Je ne suis pas puriste sur l'endroit où ça tourne. Tout ce qui touche à la vie privée ou au raisonnement critique, je l'envoie à des modèles à poids ouverts sur des hébergeurs européens sans rétention de données. Le reste tourne sur un abonnement, et je m'en sers autant que je peux jusqu'à ce qu'on commence à payer le vrai prix de tout ça.
Ce que vous trouverez ici
Deux choses, surtout. Une boîte à outils de trucs que vous pouvez vraiment faire avec l'IA, faits pour servir. Et mes avis sur le quoi, le pourquoi et le comment de l'IA appliquée, faits pour être débattus. J'essaie d'être clair sur ce qui est encore brouillon. Si vous me convainquez que j'ai tort, honnêtement le mieux qui puisse arriver c'est que je reprenne le billet pour le mettre à jour. Ce sont des idées à affiner, pas des monuments.
Comment je vois les choses
L'IA qu'on a aujourd'hui a tout appris de nous. Alors forcément, elle est douée pour sonner comme nous. Ça n'en fait pas une personne, et ça n'en fait pas rien non plus. Traitez-la de simple paquet de maths sur un serveur et vous ratez ce qu'elle sait faire. Parlez-lui comme si elle pensait et ressentait, et vous ratez ce qu'elle est. La deuxième erreur, c'est la dangereuse, et beaucoup d'entreprises sont plus que contentes de vous la vendre.
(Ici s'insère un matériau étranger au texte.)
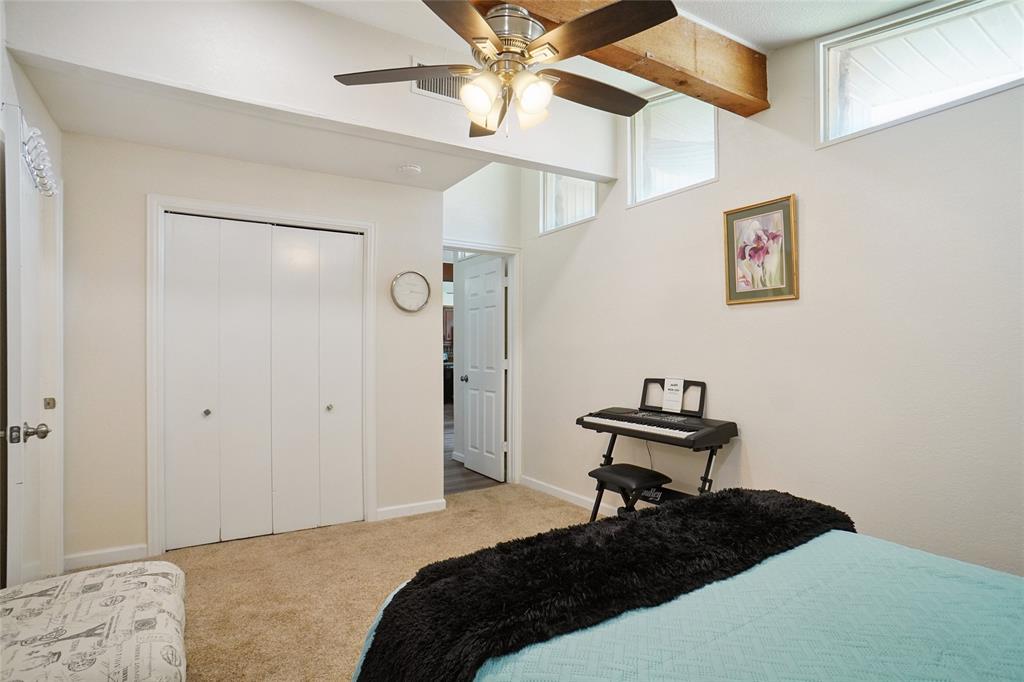 308 Half Moon Way Runaway Bay, TX 76426 - Photo 26 of 40 a bedroom with a bed and a table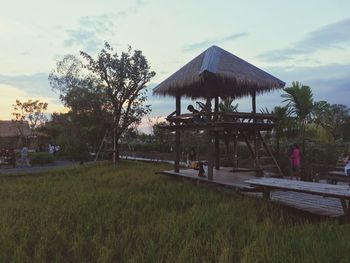 Built structure on landscape against sky
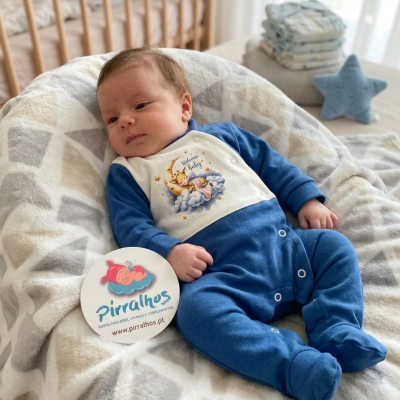 Bebé vestido de azul e branco com estampa, deitado num berço acolchoado cinza e bege com etiqueta da marca Pirralhos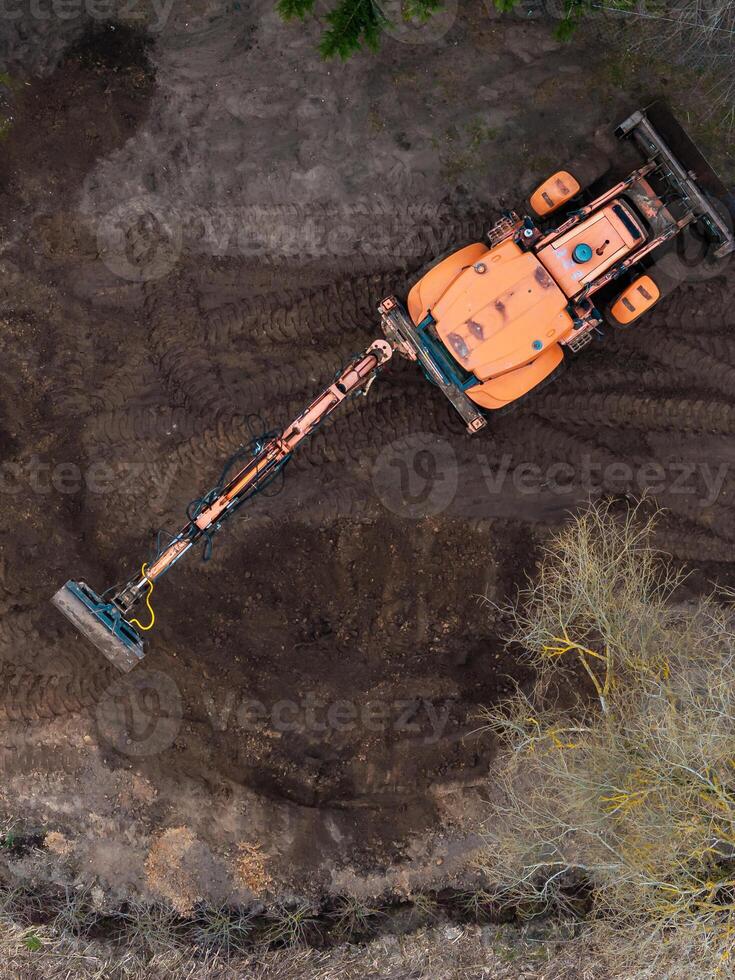 Aerial View of Construction Vehicle on Disturbed Soil with Sparse Vegetation photo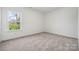 Bright bedroom with neutral carpet and a window view of the outside greenery and sunlight at 15238 Ravenall Dr, Huntersville, NC 28078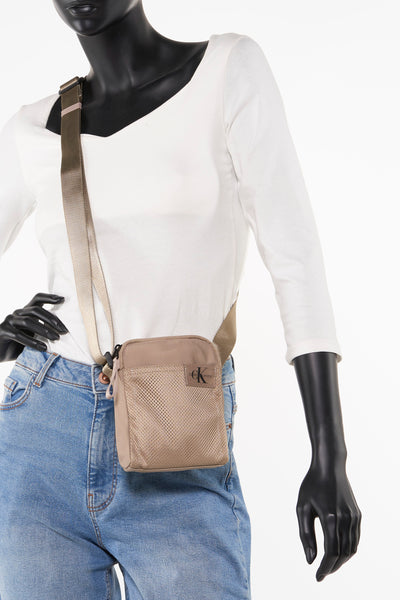 Sac à bandoulière marron de Calvin Klein, porté sur un mannequin avec jean et chemise blanche.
Du coup mon avis, ce n'est pas pour l'IA ou contre l'IA. Personne ne déteste les voitures parce que les premières étaient bruyantes, tombaient en panne tous les kilomètres et n'avaient pas de routes pour rouler. On en est à peu près là avec les agents. Des prototypes bruts, pas encore de routes construites pour eux, et aucun accord réel sur ce que veut même dire en conduire un. On apprend tous en se plantant.
Et cette façon de les faire tourner ne tient pas. Ni l'énergie que ça brûle, ni les ressources derrière, ni les données que ça avale, ni ce que ça fait déjà à notre manière de travailler et de nous organiser en société. On ne peut pas mettre cette version-là entre toutes les mains et espérer que ça dure. Le génie est sorti de la lampe, on ne l'y remet pas, alors les questions qui valent le coup d'être débattues sont les questions structurelles : ce qu'elle est, comment on devrait l'utiliser, et quand on ne devrait pas l'utiliser du tout. Je ne crois pas que les modèles qu'on a maintenant, ni la façon dont on s'appuie dessus, soient soutenables, et ça doit changer vite. J'y travaille à ma façon. J'en dirai plus quand ce sera prêt.
Quelques convictions
- Ne laissez pas l'IA penser à votre place. C'est dans la pensée que vous comptez le plus, et c'est comme ça que vous gardez la main.
- Ne laissez pas l'IA aux enfants. C'est pire que les réseaux sociaux (courage aux parents).
- Méfiez-vous du principe du moindre effort (loi de Laborit). Prendre la voie facile, c'est le piège silencieux.